▸ **Aim of the task**:
Everything in the records except the pictures needs to be printed again exactly.

****************************************

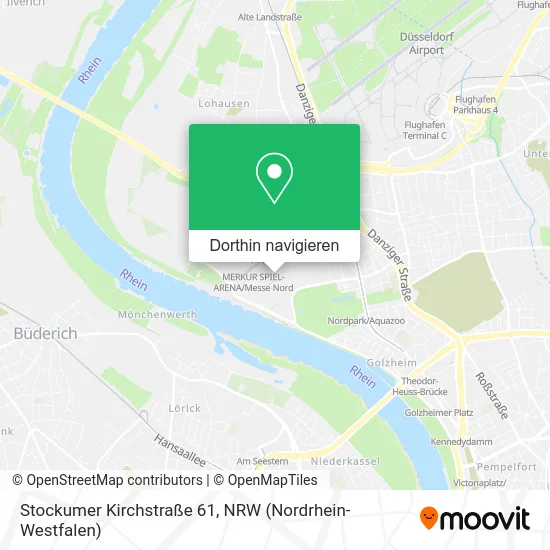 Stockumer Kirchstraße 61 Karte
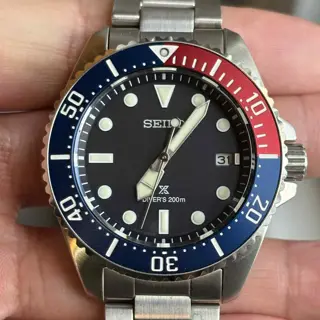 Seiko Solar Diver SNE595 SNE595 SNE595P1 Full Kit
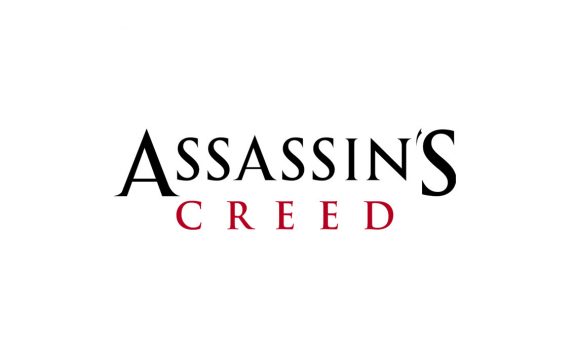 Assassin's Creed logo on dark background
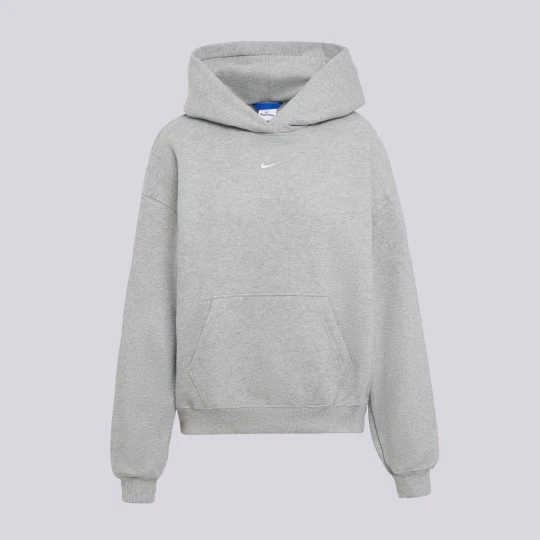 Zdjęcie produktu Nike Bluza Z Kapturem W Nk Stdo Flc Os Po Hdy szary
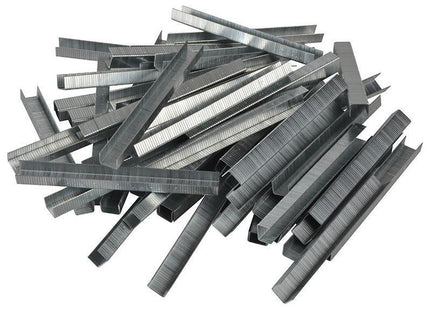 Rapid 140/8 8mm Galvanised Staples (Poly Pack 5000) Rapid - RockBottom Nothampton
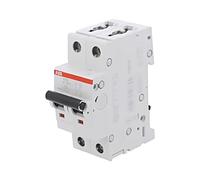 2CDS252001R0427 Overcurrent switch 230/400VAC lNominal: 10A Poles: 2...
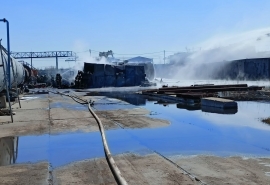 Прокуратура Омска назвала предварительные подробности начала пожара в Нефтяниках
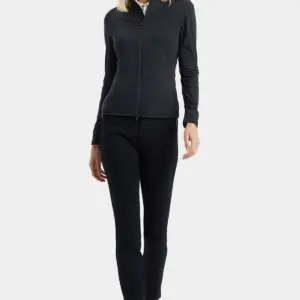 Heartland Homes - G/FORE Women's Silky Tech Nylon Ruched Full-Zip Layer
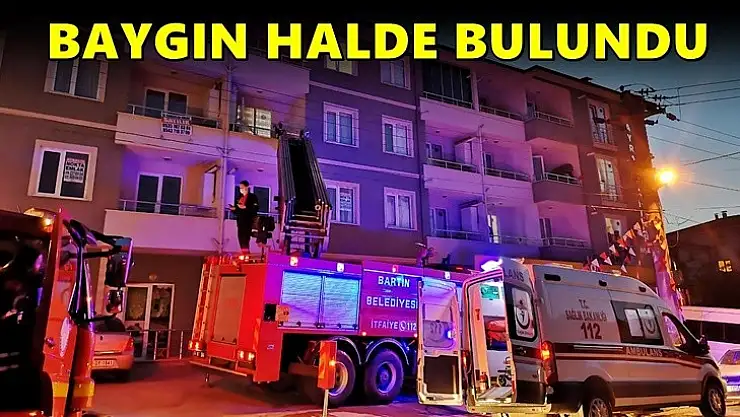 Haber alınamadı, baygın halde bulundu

****************************************

▸ **Solution to this task**:
 Stockumer Kirchstraße 61 Karte
 Seiko Solar Diver SNE595 SNE595 SNE595P1 Full Kit
 Assassin's Creed logo on dark background
 Zdjęcie produktu Nike Bluza Z Kapturem W Nk Stdo Flc Os Po Hdy szary
 Rapid 140/8 8mm Galvanised Staples (Poly Pack 5000) Rapid - RockBottom Nothampton
 2CDS252001R0427 Overcurrent switch 230/400VAC lNominal: 10A Poles: 2...
 Прокуратура Омска назвала предварительные подробности начала пожара в Нефтяниках
 Heartland Homes - G/FORE Women's Silky Tech Nylon Ruched Full-Zip Layer
 Haber alınamadı, baygın halde bulundu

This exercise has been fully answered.